Links to other relevant departments' arrangements for maths students are at the bottom of this page.

Some of the FAQ answers relate to exams!

Updated 1st May 2020.

This page is to outline how exams for the Maths Department will be delivered to all students registered for them. As things are still very fluid, and will probably remain so for the foreseeable future, this page remains the current situation to the best of our knowledge, but should not be taken as a definitive guide.

The Mathematics department is also working very closely with Statistics to try and ensure that, from a student perspective, our processes will be very similar.

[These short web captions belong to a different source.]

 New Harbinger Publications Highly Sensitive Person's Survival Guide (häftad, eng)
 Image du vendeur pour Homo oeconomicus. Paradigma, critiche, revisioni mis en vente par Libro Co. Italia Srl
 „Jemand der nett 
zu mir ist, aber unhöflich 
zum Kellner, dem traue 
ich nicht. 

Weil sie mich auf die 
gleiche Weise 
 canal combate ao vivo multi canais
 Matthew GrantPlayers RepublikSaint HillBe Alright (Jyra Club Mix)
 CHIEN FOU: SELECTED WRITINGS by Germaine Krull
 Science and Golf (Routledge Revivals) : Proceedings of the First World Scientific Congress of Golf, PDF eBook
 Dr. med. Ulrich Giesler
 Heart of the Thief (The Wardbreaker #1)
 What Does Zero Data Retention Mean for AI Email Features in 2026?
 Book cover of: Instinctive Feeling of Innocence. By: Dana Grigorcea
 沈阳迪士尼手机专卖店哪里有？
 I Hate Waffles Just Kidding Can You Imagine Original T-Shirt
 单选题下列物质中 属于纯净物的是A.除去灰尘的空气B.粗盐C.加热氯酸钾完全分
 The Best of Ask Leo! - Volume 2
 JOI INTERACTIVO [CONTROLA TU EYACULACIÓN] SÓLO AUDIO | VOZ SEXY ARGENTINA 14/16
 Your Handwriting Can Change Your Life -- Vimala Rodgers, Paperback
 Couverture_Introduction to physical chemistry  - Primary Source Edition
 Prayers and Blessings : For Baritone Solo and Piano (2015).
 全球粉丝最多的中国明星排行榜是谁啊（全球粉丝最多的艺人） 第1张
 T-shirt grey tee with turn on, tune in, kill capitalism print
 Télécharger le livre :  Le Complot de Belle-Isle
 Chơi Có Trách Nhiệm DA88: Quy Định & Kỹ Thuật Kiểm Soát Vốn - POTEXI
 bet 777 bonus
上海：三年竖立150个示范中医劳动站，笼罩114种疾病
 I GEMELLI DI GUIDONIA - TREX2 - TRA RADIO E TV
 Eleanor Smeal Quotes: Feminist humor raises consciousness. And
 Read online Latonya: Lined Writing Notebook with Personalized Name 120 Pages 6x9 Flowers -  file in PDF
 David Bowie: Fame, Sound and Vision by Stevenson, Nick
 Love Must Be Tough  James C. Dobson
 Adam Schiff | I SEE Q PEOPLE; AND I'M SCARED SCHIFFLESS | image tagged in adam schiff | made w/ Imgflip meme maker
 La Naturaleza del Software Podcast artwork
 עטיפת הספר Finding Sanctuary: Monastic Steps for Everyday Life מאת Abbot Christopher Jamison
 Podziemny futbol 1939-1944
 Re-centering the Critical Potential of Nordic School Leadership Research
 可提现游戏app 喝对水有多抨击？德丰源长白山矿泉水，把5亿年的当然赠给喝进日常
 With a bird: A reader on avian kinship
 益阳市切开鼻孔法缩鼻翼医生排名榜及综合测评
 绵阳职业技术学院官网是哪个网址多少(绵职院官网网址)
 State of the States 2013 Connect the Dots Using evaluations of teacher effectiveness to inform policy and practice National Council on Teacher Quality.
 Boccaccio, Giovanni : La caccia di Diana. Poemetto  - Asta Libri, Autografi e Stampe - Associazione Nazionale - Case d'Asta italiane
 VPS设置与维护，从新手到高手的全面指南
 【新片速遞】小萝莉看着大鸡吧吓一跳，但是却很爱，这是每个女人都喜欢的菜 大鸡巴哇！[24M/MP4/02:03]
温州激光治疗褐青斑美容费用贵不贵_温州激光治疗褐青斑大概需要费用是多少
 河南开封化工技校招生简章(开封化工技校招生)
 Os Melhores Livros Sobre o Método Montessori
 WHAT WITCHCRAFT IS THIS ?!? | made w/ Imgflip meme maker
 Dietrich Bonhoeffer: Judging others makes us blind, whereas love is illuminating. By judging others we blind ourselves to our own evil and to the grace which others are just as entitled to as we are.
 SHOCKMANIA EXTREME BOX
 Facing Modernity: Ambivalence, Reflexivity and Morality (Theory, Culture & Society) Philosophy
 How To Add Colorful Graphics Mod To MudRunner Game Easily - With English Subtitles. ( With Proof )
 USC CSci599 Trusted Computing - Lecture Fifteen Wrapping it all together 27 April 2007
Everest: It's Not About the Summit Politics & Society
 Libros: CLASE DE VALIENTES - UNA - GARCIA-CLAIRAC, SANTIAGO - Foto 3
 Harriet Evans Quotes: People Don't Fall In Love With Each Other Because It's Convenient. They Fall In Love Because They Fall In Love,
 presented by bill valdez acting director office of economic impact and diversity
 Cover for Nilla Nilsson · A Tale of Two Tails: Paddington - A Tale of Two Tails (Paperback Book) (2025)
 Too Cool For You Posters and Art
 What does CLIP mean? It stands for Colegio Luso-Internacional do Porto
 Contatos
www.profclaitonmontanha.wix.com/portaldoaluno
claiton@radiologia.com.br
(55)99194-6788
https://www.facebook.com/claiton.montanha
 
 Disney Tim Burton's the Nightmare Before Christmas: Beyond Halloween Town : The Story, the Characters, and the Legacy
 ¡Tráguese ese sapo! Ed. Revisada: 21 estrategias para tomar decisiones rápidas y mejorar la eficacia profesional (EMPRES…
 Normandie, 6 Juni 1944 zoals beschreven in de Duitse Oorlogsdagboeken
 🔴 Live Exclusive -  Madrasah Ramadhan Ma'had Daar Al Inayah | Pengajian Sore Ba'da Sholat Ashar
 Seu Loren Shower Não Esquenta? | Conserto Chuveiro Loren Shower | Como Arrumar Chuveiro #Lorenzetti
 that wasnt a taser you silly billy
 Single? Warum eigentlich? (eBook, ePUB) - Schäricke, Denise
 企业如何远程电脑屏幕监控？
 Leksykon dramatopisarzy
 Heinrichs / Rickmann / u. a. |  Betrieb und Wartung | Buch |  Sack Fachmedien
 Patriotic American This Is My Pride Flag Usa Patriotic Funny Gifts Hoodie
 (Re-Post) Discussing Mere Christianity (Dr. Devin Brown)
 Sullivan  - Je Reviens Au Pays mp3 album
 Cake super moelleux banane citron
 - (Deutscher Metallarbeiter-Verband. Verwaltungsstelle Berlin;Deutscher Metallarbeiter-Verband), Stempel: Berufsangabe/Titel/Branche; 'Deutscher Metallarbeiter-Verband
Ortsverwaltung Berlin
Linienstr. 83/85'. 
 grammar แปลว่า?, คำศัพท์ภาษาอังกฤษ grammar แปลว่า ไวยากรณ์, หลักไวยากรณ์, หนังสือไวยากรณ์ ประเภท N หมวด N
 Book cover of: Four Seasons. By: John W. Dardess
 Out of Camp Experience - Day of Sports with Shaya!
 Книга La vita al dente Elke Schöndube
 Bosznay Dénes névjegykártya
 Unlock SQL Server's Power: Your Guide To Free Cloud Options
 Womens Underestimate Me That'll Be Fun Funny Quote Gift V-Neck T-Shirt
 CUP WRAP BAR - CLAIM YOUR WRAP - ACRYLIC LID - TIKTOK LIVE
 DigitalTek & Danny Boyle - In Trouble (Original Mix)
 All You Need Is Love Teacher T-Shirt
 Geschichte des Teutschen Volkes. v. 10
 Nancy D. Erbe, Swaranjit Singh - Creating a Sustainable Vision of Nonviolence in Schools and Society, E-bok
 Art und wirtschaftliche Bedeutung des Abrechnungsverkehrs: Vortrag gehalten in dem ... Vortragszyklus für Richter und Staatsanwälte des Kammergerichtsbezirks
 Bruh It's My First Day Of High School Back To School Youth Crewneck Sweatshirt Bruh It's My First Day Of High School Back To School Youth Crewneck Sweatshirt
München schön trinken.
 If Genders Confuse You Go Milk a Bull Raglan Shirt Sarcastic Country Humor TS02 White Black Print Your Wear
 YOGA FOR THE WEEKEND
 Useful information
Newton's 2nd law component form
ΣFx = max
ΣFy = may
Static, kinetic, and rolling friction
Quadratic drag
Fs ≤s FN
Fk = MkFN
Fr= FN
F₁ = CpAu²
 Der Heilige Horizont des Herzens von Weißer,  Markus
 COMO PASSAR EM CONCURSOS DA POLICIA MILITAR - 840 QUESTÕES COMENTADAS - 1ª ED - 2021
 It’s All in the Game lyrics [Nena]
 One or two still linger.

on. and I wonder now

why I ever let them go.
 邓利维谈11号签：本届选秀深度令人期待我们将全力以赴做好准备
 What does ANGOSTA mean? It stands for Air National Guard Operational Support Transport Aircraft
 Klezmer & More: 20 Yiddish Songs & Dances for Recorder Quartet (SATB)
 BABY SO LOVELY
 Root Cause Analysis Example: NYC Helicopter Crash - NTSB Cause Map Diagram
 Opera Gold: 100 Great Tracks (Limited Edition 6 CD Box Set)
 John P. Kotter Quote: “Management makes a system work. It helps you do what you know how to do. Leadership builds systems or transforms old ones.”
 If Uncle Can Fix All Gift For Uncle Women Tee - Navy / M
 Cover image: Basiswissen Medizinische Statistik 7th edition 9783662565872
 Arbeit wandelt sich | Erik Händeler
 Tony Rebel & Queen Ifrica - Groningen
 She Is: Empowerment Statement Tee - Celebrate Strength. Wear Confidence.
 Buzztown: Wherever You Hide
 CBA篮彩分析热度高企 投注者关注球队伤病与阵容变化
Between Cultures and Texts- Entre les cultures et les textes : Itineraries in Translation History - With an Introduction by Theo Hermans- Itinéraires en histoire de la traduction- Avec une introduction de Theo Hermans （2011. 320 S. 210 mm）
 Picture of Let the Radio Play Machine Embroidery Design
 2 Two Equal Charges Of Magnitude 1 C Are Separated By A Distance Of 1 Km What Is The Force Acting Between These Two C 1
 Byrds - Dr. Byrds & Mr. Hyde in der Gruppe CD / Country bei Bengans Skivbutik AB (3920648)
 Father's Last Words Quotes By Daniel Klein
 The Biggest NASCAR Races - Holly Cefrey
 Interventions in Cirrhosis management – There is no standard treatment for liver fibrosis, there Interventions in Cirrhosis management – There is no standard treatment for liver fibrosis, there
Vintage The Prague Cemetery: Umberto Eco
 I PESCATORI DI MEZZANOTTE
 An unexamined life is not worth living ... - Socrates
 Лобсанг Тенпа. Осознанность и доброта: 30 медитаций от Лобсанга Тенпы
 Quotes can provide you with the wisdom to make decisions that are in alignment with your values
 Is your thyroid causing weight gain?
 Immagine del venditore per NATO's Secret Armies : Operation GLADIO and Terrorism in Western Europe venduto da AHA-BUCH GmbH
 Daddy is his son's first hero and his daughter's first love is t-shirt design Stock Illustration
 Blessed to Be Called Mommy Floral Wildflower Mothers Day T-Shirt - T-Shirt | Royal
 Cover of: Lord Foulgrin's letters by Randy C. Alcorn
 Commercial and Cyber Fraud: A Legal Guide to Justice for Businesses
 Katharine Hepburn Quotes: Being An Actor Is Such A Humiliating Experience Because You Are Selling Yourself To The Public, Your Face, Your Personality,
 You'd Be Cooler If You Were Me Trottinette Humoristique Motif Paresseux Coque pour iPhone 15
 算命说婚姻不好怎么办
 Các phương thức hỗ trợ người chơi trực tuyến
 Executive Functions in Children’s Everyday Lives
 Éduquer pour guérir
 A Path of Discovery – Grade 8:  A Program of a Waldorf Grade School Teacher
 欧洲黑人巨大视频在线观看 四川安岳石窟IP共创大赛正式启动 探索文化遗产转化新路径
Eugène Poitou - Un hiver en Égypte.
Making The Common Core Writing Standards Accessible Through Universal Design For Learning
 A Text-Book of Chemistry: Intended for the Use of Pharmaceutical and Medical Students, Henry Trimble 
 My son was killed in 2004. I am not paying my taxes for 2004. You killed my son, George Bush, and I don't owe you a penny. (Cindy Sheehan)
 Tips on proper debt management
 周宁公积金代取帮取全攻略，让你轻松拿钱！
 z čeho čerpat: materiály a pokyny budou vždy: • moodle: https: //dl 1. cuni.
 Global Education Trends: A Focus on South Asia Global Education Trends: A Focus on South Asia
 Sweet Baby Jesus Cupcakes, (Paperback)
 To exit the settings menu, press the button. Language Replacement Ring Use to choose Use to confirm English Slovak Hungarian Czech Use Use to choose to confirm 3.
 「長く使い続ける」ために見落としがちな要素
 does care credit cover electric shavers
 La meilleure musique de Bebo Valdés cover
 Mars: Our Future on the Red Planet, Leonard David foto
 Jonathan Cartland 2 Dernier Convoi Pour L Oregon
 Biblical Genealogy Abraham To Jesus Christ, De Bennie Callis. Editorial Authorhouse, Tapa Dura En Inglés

Alternative Exams Portal (AEP)

April and Summer Alternative Assessments will be managed through a new institutional online portal, the Alternative Exams Portal (AEP). This portal will have your Alternative Assessment Timetable, and will be the landing point for where you will access and upload your assessments. For more information about this portal,how to access it, and the process please visit the AEP pages on My Warwick

Moodle

All maths exams are taking place in Moodle, although you MUST go through AEP first to sign the declaration, and any announcements will also be made through AEP. Note that currently if you refresh your browser, use the back button etc. whilst the Moodle exam is running sometimes the timer will have apparently reset itself IT HAS NOT and will still be running in the background keeping the correct time. We are hoping this will be fixed for the June exams, but in the meantime make a note of the time you start and keep an eye on your own clock, or the clock on your computer/tablet!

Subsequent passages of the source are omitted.